By the early 1990s, these events, as well as the influence of vocal proponents of independent publishing, helped to inspire a number of Marvel artists to form their own company, Image Comics, which would serve as a prominent example of creator-owned comics publishing. Marvel artists such as X-Men’s Jim Lee, The New Mutants/X-Force’s Rob Liefeld and Spider-Man’s Todd McFarlane were extremely popular and were idolized by younger readers in ways more common to professional athletes and rock musicians than comic book artists. Propelled by star power and upset that they did not own the popular characters they created for Marvel, several illustrators, including the above three formed Image Comics in 1992, an umbrella label under which several autonomous, creator-owned companies existed. Image properties, such as WildC.A.T.s, Gen¹³, Witchblade, and especially McFarlane’s Spawn provided brisk competition for long-standing superheroes. Image in particular is singled out by some critics for contributing to the conditions which led to the speculator market crashing, as Image titles favored alternative covers, foil covers, and other "collectible" comics.

Many popular creators followed Image's lead and attempted to use their star power to launch their own series; ones for which they would have licensing rights and editorial control. Chris Claremont, famous for his long run as the writer of Uncanny X-Men, created Sovereign Seven for DC; Joe Madureira, also made popular by Uncanny X-Men, launched Battle Chasers for WildStorm Productions; and Kurt Busiek, Alex Ross, and Brent Anderson created Astro City for Image.

Milestone Comics and ethnic diversity

In 1993, a coalition of African-American writers and artists started Milestone Comics, believing that minority characters were underrepresented in American superhero comics. Some of the company's better-known series include Static, about an African-American teen who became Milestone's key character, Hardware, an example of Afrofuturism, Icon, about an alien mimicking the appearance of an African-American, and Blood Syndicate, a series about a multicultural gang of superheroes. All of these flagship titles were co-created by Dwayne McDuffie. In 1997, the Milestone Universe merged with the DC Universe.

Rise and fall of the speculator market

By the late 1980s, important comic books, such as the first appearance of a classic character or first issue of a long-running series, were sold for thousands of dollars.
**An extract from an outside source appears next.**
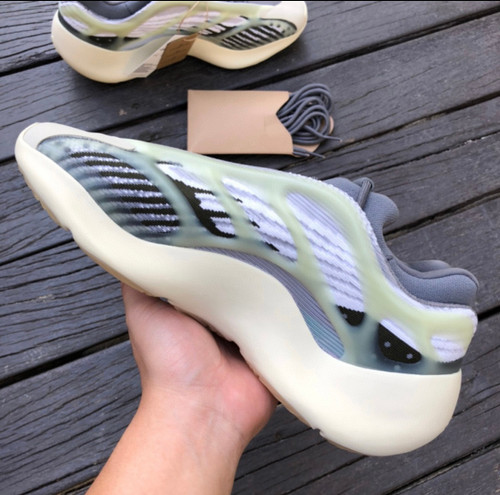 12 Yeezy 700 V3 Azael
Mainstream newspapers ran reports that comic books were good financial investments and soon collectors were buying massive amounts of comics they thought would be valuable in the future.

Publishers responded by manufacturing collectors’ items, such as trading cards, and “limited editions” of certain issues featuring a special or variant cover. The first issues of Marvel Comics' X-Force, X-Men vol. 2, and Spider-Man became some of the first and most notorious examples of this trend. Another trend which emerged was foil-stamped covers. The first Marvel comic book with a foil-stamped cover was the third volume of the Silver Surfer, issue 50 (June 1991). A glow-in-the-dark cover for Ghost Rider, volume 3, issue 15 appeared as well. This led a market boom, where retail shops and publishers made huge profits and many companies, large and small, expanded their lines. Image Comics in particular became notorious for this, with many of its series debuting with alternative covers, wide use of embossed and foil covers and other "collectible" traits.

This trend was not confined to the books themselves, and many other pieces of merchandise, such as toys, particularly "chase" action figures (figures made in smaller runs than others in a particular line), trading cards, and other items, were also expected to appreciate in value. McFarlane Toys was notable for this, as it created many variations in its high-quality toys, most of which were main characters or occasional guest stars in the Spawn series.

But few, in the glut of new series, possessed lasting artistic quality and the items that were predicted to be valuable did not become so, often because of huge print runs that made them commonplace. The speculator market began to collapse in summer 1993 after Turok #1 (sold without cover enhancements) badly underperformed and Superman's return in Adventures of Superman #500 sold less than his death in Superman #75, something speculators and retailers had not expected. Companies began expecting a contraction and Marvel UK's sales director, Lou Marks, stated in September 29 that retailers were saying there was "simply no room to display all the comics being produced". The resulting crash devastated the industry: sales plummeted, hundreds of retail stores closed and many publishers downsized. Marvel made an ill-judged decision during the crash to buy Heroes World Distribution to use as its own exclusive distributor, which resulted in both distribution problems for Marvel and the industry's other major publishers making exclusive distribution deals with other companies, which would lead to Diamond Comic Distributors Inc. becoming the only distributor of note in North America. In 1996, Marvel Comics, the largest company in the industry and hugely profitable just three years before, declared bankruptcy.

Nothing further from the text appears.